DESCRIPTION OF THE TASK
For the records below, output word for word the lines from the one with "206 Hotel Street" up to and including the one with "Young woman on balcony at chalet. alt". No pictures.

RECORDS PROVIDED

****

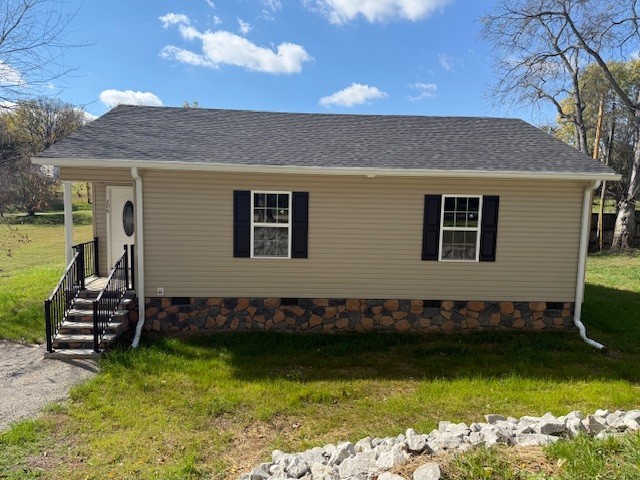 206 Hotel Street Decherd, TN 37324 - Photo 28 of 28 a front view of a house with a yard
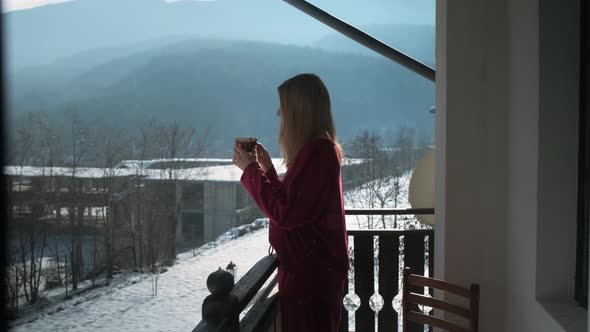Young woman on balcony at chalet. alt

****

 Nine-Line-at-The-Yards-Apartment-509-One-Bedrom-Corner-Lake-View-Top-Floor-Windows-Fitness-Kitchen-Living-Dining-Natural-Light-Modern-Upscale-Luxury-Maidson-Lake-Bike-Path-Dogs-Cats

****

YOUR RESPONSE
 206 Hotel Street Decherd, TN 37324 - Photo 28 of 28 a front view of a house with a yard
Young woman on balcony at chalet. alt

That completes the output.